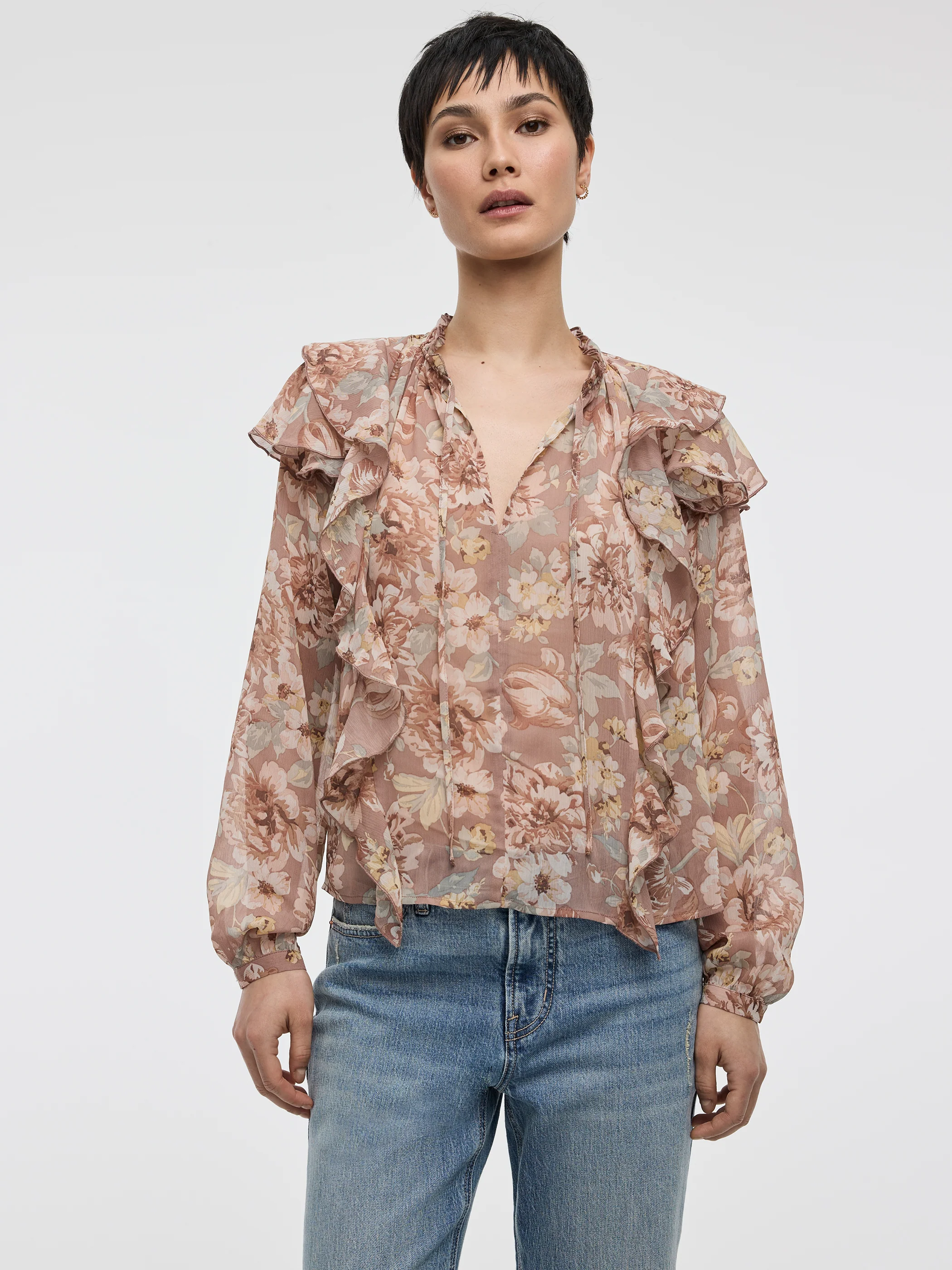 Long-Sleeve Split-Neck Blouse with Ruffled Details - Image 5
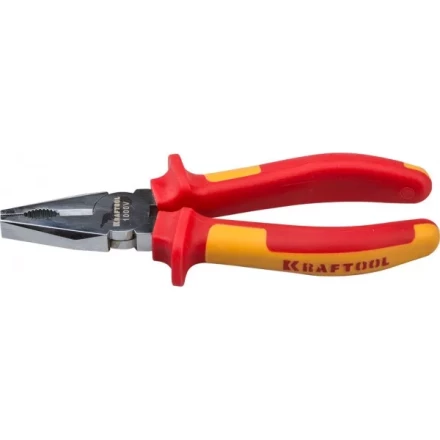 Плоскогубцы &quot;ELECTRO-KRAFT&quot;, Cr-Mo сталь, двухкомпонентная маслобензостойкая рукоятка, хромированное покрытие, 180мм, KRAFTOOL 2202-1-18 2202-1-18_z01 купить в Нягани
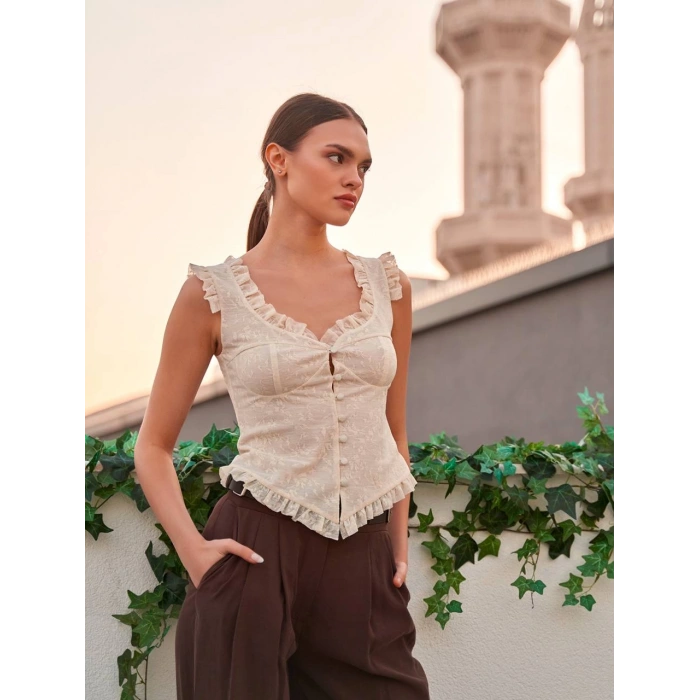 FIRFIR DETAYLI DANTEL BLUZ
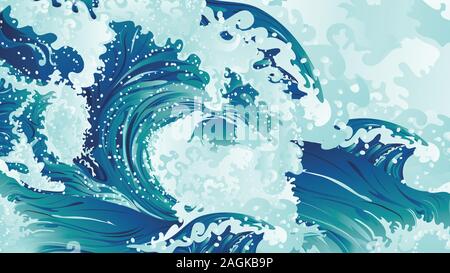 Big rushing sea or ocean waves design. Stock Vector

TRY IT.
Write out every line of the listing exactly as written, and leave the pictures out.

REPLY TO THE TASK.
 Long-Sleeve Split-Neck Blouse with Ruffled Details - Image 5
 Плоскогубцы &quot;ELECTRO-KRAFT&quot;, Cr-Mo сталь, двухкомпонентная маслобензостойкая рукоятка, хромированное покрытие, 180мм, KRAFTOOL 2202-1-18 2202-1-18_z01 купить в Нягани
 FIRFIR DETAYLI DANTEL BLUZ
 Big rushing sea or ocean waves design. Stock Vector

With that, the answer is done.